Sharks.

#1
#2
There is quite a bit of evidence to suggest that sharks (whites anyway) often take a nibble and decide you ain't a seal so ain't worth the effort (they need the body fat you see...). Google a few shark attacks and the ratio of single bite attacks is much higher than the "man dragged off to sea and gobbled whole" type attacks. Of course, their nibbles still kill you if an artery or major organ gets sampled.
 
#4
RTFQ said:
There is quite a bit of evidence to suggest that sharks (whites anyway) often take a nibble and decide you ain't a seal so ain't worth the effort (they need the body fat you see...).

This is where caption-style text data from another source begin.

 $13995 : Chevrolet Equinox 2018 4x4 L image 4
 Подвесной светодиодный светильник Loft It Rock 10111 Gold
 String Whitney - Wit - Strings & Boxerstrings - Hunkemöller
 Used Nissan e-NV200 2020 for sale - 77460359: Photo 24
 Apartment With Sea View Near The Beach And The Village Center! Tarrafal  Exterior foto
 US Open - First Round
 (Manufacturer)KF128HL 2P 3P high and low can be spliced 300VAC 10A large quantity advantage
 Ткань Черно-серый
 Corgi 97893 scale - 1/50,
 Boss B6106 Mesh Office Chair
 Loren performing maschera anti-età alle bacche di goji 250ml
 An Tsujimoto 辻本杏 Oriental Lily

Google a few shark attacks and the ratio of single bite attacks is much higher than the "man dragged off to sea and gobbled whole" type attacks. Of course, their nibbles still kill you if an artery or major organ gets sampled.

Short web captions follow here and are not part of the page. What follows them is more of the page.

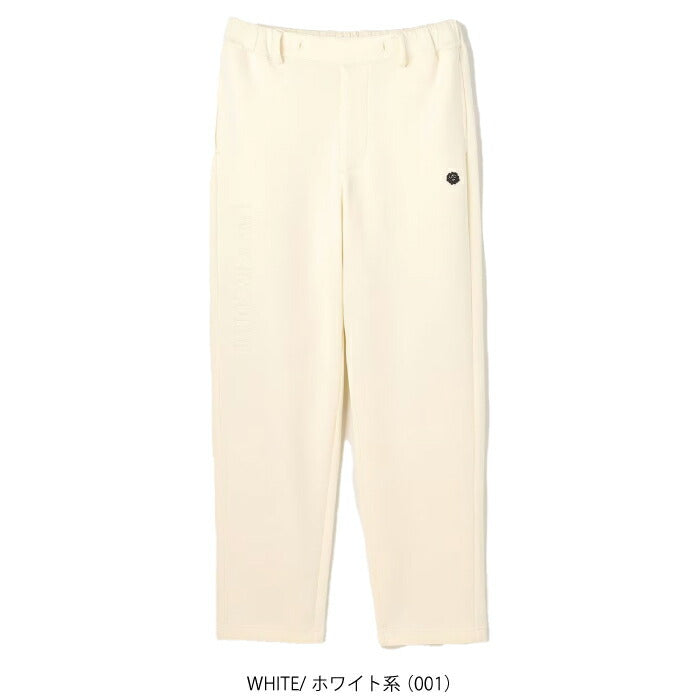 PW CIRCULUS ピーダブリュサーキュラス ゴルフウェア メンズ MEN リラクシングジャージーパンツ ロングパンツ ストレッチ抜群 軽量 pppnlm0301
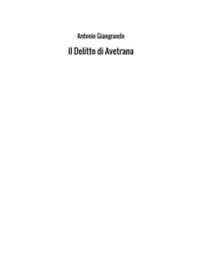 Il delitto di Avetrana - Librerie.coop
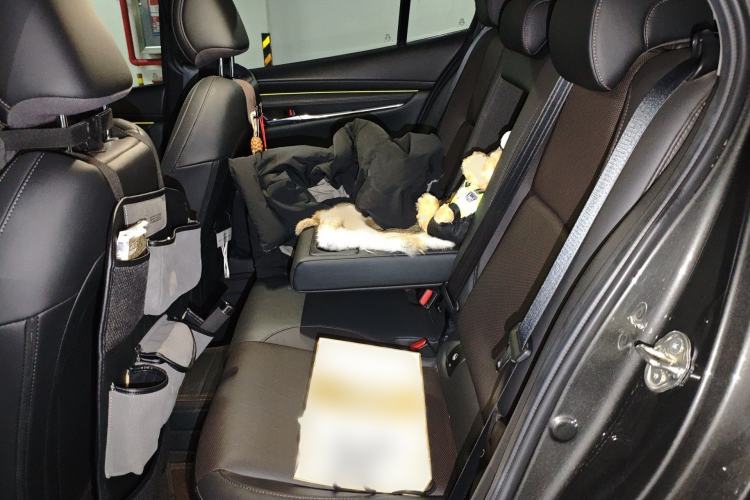 Used Mazda 3 Axela 2021 2.0L Automatic Zhiyao Edition Interior 4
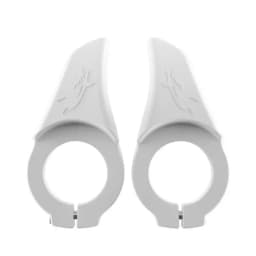 ENLEE Bicycle Vice Handle Mountain Bike Shark Handlebar Relieve Fatigue MTB Road Bike Grip Vice Handle Bicycle Accessories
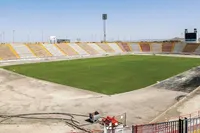 احداث ورزشگاه جدید، سریع و انقلابی دنبال می‌شود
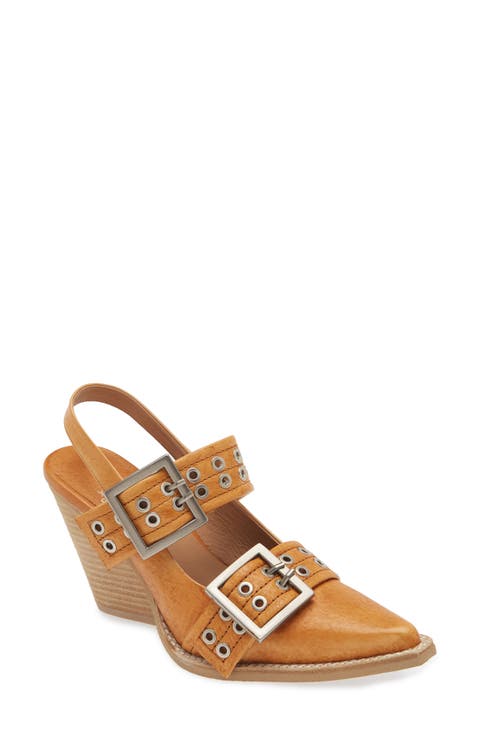 Carlie Slingback Pump (Women)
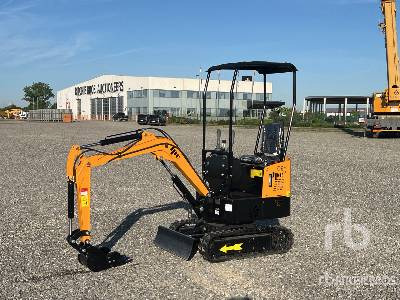 JPC HT12 (Unused) - Мини-экскаватор: фото 1 JPC HT12 (Unused) - Мини-экскаватор: фото 1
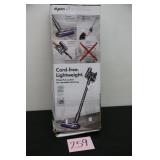 DYSON V7 ANIMAL EXTRA CORDLESS SWEEPER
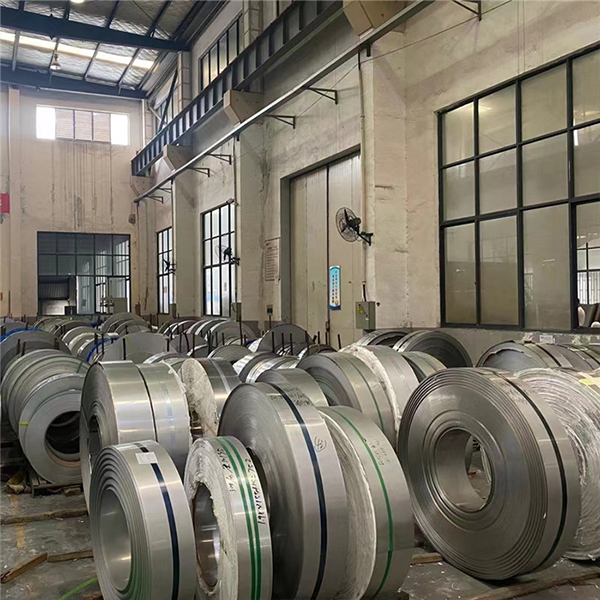 420J1 Stainless Steel Strips Cold Rolled Stainless Steel Strip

In the words of Andy Pipkin "Yeah, I know", but I still wouldn't want to be one of the data points for this on-going study.
 
#5
Agent_Smith said:
The crocodile has not yet been caught and police advised people to take extra precautions if swimming in the area.
I'd be doing what steve Irwin does - swim behind him, pulling his tail and speaking in a fcukwit accent to his annoying, yet mucky-looking, wife. Or dive on the fecker from a perfectly good boat, wrap him in a blanket and carry him under your arm to the pub to show your mates.
 
#6
I was in Oz a couple of years back and getting ready to go to work. I had the telly switched on for a bit of background noise listening to the antipodean version of GMTV.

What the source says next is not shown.